PROMPT: What is the count of lines in the records that include "Bathroom"? Reply with that number alone.

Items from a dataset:
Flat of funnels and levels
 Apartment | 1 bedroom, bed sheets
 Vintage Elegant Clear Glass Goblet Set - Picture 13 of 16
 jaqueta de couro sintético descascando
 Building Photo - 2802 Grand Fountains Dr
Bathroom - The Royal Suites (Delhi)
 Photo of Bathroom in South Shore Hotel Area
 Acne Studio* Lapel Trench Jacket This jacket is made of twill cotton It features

COMPLETED TASK: 2